Lettera aperta a Peter Grosser e Massimo Guastini.

Cari Peter e Massimo,

vi scrivo con la stessa ingenuità e speranza di un bambino che crede ancora in Babbo Natale. Il regalo che vi chiedo è semplice: parlatevi, perché secondo me avete molte cose in comune.

Tu, Massimo, hai scritto più volte di essere contrario alle gare non retribuite.

Tu, Peter, lo hai dichiarato instancabilmente e hai dato vita a un’operazione intelligente e dissacrante come quella di Crap. E quando il boiardo Masi ti lascerà il comando di AssoComunicazione, tu e Massimo sarete i principali rappresentanti dei creativi e delle agenzie.

Insieme potete fare molto, da soli combinerete ben poco.

L’Adci non può battersi per la dignità dei creativi senza coinvolgere le agenzie. Non in un settore in cui la maggioranza dei creativi sono ancora dipendenti. AssoComunicazione non può vincere una battaglia senza di noi, che siamo il cuore di questo ambiente. Specialmente adesso che all’orizzonte si staglia quell’inutile creatura nata già morta che porta il nome di Federazione Italiana della Comunicazione.

Stabilite delle regole da rispettare e poi presentatevi insieme, coesi, da UPA. Allora qualcosa potrebbe cambiare davvero.

Ecco 3 semplici regole che mi permetto di suggerirvi.

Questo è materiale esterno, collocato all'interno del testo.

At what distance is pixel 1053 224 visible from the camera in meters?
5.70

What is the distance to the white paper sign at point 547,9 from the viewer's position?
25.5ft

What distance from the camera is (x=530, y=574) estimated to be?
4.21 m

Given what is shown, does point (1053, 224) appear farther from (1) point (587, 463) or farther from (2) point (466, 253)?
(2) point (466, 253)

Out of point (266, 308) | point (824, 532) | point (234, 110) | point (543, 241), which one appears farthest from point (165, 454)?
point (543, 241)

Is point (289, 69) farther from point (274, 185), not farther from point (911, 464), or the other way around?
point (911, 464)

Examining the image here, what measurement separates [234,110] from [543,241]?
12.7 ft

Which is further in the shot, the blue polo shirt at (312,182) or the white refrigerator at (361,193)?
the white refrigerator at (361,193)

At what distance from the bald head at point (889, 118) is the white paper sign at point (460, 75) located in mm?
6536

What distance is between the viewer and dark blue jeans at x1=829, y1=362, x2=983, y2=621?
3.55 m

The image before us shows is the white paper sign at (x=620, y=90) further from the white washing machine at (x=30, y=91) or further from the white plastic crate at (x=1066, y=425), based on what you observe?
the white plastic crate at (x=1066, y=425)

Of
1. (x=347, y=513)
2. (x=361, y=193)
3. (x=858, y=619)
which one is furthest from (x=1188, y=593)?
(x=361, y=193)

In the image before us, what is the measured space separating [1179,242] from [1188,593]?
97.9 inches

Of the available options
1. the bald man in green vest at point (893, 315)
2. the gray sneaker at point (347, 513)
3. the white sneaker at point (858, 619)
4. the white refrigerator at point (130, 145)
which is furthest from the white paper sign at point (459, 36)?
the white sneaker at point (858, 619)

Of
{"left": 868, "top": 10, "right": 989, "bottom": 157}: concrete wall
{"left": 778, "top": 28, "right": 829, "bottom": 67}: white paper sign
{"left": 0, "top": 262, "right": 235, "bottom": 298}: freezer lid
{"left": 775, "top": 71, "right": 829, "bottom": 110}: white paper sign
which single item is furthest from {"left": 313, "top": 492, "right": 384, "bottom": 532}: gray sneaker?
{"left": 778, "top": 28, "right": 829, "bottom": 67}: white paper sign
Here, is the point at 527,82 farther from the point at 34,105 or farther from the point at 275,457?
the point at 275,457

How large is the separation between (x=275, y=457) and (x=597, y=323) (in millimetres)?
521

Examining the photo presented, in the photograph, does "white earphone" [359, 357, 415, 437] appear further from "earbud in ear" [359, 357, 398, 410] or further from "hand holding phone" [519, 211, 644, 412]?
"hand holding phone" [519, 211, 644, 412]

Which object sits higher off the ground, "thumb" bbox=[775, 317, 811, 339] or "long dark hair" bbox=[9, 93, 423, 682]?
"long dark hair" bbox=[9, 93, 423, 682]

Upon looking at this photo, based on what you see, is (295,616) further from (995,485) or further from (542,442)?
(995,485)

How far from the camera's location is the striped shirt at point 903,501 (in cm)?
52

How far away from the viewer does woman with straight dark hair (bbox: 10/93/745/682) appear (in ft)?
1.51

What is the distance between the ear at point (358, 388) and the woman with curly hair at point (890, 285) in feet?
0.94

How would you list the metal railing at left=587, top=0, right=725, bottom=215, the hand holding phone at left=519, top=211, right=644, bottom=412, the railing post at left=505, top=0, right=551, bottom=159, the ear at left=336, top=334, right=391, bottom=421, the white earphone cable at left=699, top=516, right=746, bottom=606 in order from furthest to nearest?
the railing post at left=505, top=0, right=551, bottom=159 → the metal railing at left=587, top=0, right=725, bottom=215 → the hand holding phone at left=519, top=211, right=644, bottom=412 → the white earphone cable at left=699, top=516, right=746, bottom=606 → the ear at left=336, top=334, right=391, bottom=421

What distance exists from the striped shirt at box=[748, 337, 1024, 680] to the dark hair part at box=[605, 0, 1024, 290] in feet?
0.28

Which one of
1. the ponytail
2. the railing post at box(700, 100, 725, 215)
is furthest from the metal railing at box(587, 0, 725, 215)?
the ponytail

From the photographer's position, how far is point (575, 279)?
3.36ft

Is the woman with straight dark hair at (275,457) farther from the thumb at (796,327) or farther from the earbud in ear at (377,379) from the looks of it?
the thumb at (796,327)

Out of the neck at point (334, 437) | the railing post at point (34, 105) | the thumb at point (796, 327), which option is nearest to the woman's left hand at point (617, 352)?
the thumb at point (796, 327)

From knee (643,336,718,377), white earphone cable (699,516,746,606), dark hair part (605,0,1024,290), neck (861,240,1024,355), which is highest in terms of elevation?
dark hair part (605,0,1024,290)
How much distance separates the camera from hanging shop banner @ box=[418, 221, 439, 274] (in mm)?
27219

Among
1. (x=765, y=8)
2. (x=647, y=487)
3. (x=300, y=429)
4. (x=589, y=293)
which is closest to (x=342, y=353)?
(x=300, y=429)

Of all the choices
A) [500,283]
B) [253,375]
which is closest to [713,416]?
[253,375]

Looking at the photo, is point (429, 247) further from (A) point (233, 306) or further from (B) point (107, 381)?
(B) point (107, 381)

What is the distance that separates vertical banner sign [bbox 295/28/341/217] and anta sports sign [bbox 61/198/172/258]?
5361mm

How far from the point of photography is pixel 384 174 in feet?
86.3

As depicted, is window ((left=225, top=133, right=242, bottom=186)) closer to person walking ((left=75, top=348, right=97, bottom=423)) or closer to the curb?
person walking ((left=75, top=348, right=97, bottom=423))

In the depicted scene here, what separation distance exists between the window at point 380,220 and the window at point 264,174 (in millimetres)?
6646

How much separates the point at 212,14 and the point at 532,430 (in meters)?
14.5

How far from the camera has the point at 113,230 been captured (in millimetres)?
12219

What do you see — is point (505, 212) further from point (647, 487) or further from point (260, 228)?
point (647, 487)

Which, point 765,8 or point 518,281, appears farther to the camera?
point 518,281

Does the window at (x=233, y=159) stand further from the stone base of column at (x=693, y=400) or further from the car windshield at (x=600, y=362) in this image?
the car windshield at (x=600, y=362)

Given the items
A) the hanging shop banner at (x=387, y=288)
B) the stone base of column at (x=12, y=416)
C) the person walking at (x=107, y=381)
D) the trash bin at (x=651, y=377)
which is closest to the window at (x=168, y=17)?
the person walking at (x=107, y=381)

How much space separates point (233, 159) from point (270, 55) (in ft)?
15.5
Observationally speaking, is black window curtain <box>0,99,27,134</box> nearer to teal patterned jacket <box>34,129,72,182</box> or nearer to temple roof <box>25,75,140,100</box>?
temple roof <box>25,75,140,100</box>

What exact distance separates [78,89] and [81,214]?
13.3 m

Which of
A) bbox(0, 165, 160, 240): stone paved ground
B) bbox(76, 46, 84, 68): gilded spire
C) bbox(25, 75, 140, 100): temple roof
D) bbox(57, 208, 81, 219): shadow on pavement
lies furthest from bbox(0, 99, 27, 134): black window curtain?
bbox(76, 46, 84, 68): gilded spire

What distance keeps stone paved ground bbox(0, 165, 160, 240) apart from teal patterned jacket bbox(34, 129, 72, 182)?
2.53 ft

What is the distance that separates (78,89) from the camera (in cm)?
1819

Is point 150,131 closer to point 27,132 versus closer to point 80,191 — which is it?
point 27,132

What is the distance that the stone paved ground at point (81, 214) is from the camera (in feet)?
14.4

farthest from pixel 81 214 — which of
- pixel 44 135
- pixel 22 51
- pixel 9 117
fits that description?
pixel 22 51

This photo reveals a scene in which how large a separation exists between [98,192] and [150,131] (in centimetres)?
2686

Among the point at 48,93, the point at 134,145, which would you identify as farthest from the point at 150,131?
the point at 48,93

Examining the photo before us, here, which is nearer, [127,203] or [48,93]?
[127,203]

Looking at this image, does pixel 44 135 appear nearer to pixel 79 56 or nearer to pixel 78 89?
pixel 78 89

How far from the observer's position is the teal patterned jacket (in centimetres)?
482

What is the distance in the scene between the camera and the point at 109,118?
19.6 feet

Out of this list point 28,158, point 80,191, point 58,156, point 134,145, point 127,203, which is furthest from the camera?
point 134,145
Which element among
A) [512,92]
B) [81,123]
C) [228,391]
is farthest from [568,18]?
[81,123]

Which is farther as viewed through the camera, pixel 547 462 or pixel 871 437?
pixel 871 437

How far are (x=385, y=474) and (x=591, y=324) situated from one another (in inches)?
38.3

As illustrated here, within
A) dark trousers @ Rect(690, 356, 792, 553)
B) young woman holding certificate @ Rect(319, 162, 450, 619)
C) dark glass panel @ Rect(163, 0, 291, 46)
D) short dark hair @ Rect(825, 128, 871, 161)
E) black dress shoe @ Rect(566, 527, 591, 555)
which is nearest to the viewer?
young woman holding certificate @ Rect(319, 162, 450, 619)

1) Niente più gare non retribuite. Chi non rispetta questa regola non è che riceve una bacchettata sulle dita ma è proprio fuori da AssoComunicazione. Pubblicate poi un rating delle agenzie e delle aziende più virtuose: non è questione di fare i delatori ma di premiare le realtà più virtuose.

2) Niente più stagisti al macello. Obbligare le agenzie a pagare un rimborso spese di almeno 400 euro e i creativi a insegnare davvero il mestiere ai ragazzi appena usciti dalle scuole. I direttori creativi che sfruttano i giovani e basta devono essere radiati dall’Adci.

3) Niente più dumping. Istituire un listino condiviso con prezzi di minima e di massima (l’ultimo era stato redatto proprio da Assap, nel 1996 se non ricordo male). Chi va sotto la soglia minima è sbattuto fuori dalle due associazioni: da AssoComunicazione se è un’agenzia, dall’Adci se è un freelance.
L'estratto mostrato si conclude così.